A simple way to decide each year

Comprehensive and collision aren't "set once and forget" coverages — the right answer changes as your car ages and loses value. A quick annual gut-check keeps you from overpaying to insure a car that's no longer worth much:

1. Estimate your car's current value. A rough market value is fine. 2. Add up your yearly collision + comprehensive premium, plus your deductible. 3. Compare. If the combined cost is creeping toward roughly 10% of the car's value — and especially as the value drops below a few thousand dollars — it's time to seriously consider dropping collision, and eventually comprehensive.

The logic is straightforward: insurance is for losses you couldn't comfortably absorb. Replacing a $25,000 car out of pocket would hurt, so you insure it. Replacing a $2,500 car is a setback, not a catastrophe — and paying hundreds a year to maybe recover it once rarely pencils out.

Two caveats. First, if you still owe money on the car, your lender decides, not you — they'll require both until it's paid off. Second, location matters: if you park in an area with high theft, or you're in deer or hail country, comprehensive can be worth keeping on an older car even when collision isn't, because those losses are common and outside your control.

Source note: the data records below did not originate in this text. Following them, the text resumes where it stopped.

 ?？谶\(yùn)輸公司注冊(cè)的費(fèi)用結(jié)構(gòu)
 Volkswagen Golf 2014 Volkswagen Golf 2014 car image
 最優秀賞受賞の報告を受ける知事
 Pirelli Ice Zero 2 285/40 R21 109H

This is exactly the kind of small, money-saving review that's easy to skip on your own and easy to catch with an advisor. The same person who right-sizes it with you each year is the one who helps you file when you do have a claim — which is the difference between a relationship and a website that only ever shows you the cheapest box.

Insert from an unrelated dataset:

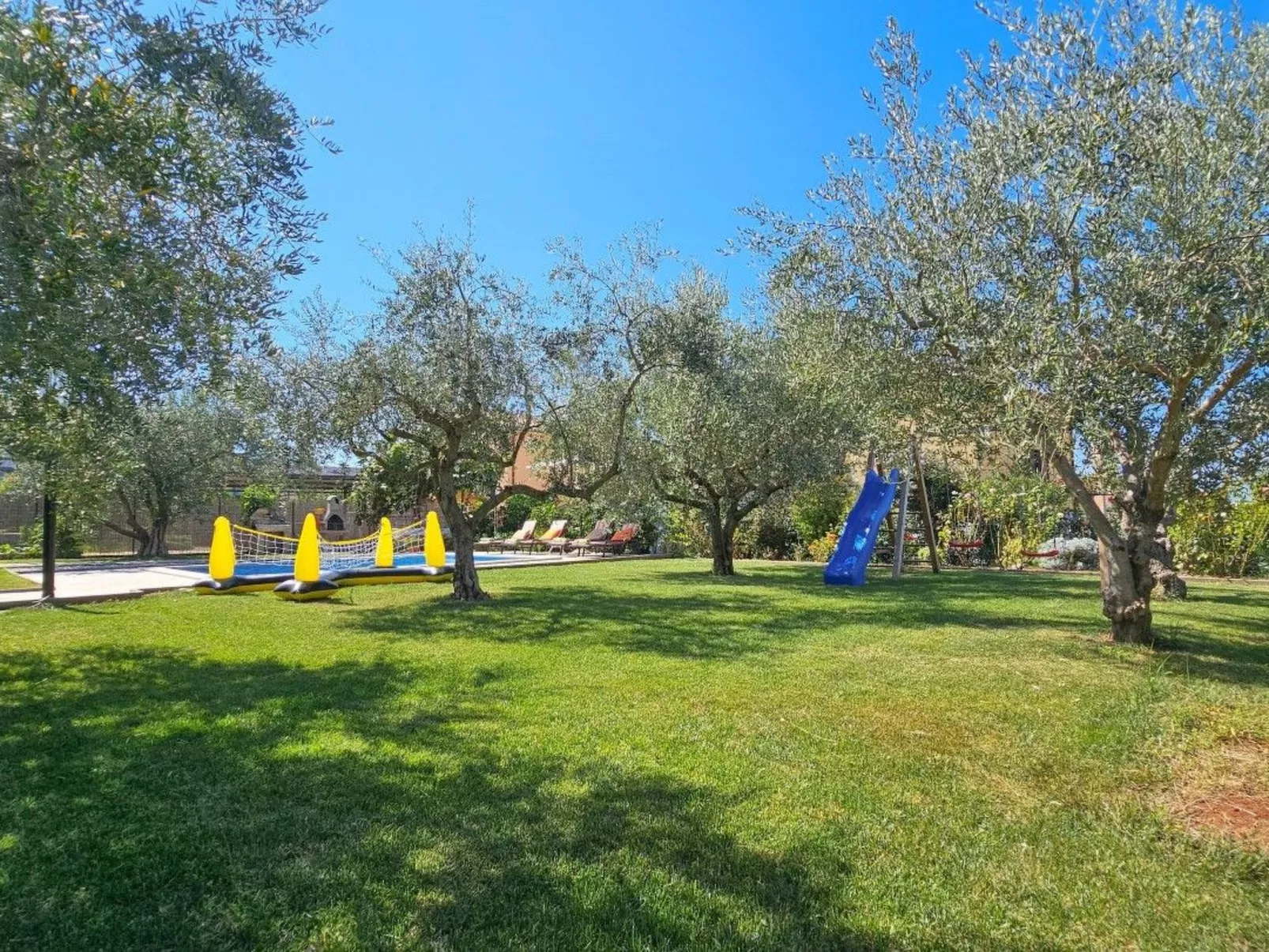 Wohnung für bis zu 6 Personen mit Schwimmbad-Draußen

Get a quote, or read our other coverage guides.

Frequently Asked Questions

Does "full coverage" include liability insurance? Usually, yes — when people say "full coverage" they typically mean liability plus comprehensive and collision. But "full coverage" isn't an official term, so it doesn't guarantee any particular limits or added coverages like uninsured motorist or PIP. Two "full coverage" policies can be very different underneath. It's worth confirming exactly what's included and at what limits rather than assuming the label means you're fully protected.

What's the difference between comprehensive and collision insurance? Collision pays to repair or replace your car when it hits something or is hit — another vehicle, a pole, a guardrail — regardless of fault. Comprehensive covers most non-collision damage, like theft, fire, vandalism, hail, falling objects, hitting an animal, and broken glass. Together they make up what people call "full coverage."

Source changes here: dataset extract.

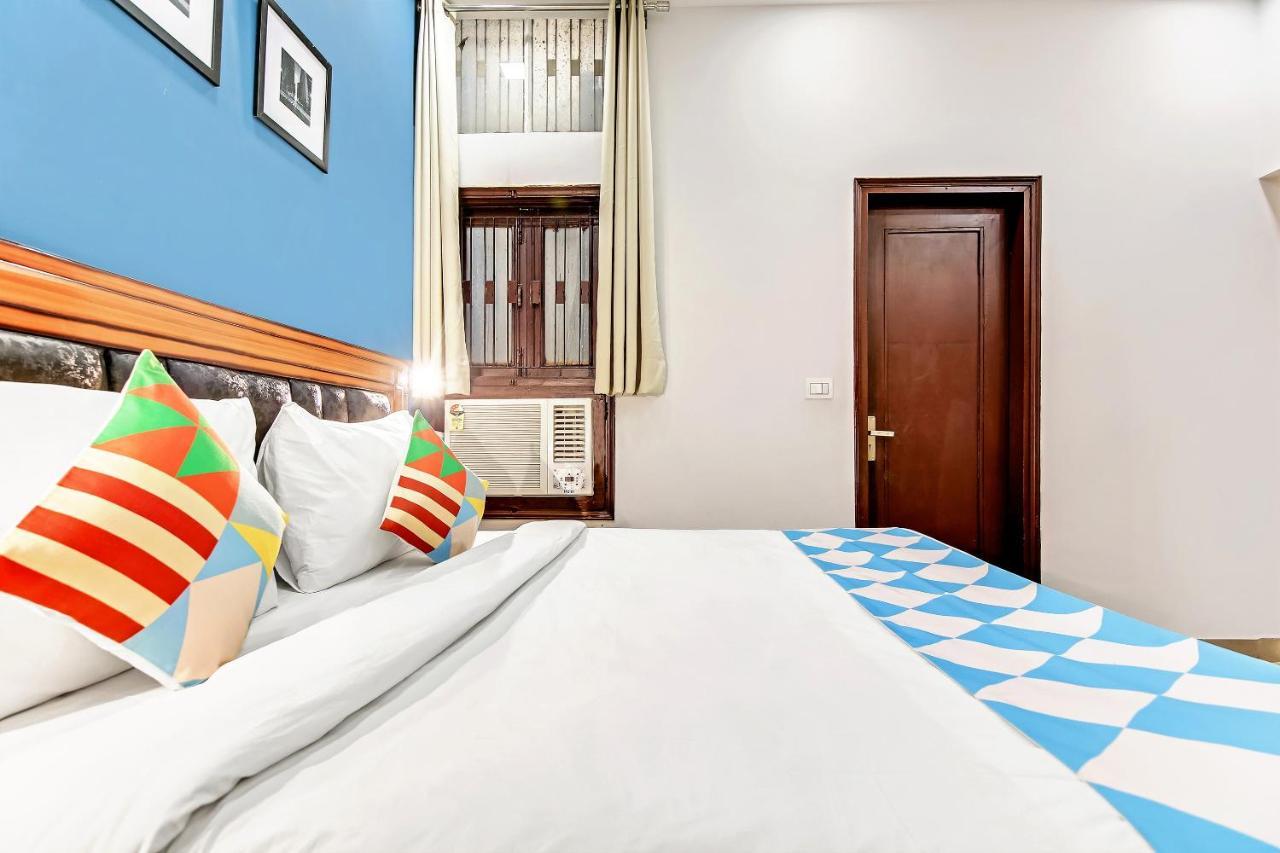 Oyo Home 64106 Comfortable Stay ニューデリー エクステリア 写真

Is full coverage required in Washington? No. Washington only requires liability insurance. Comprehensive and collision ("full coverage") are optional from the state's view, but your lender will typically require both if you finance or lease the car. If you own the car outright, whether to carry them depends on the car's value.

Should I drop collision on an older car? Possibly. As a car's value drops, the cost of collision relative to what you could recover gets worse. A common guideline is to reconsider collision and comprehensive when their yearly cost approaches about 10% of the car's value. The key is having savings to absorb a loss if you do drop them.

Which deductible should I choose for each? Many drivers carry a higher collision deductible (since those claims are larger and less frequent) and a lower comprehensive deductible (since glass and minor claims are common). The right mix depends on what you could comfortably pay out of pocket. Raising a deductible lowers your premium but raises your share of any claim.

Does comprehensive cover hitting a deer? Yes. Striking an animal is considered a comprehensive claim, not a collision claim, even though your car was moving. That distinction matters in the Northwest, where deer strikes are common on rural and mountain roads — comprehensive is what responds.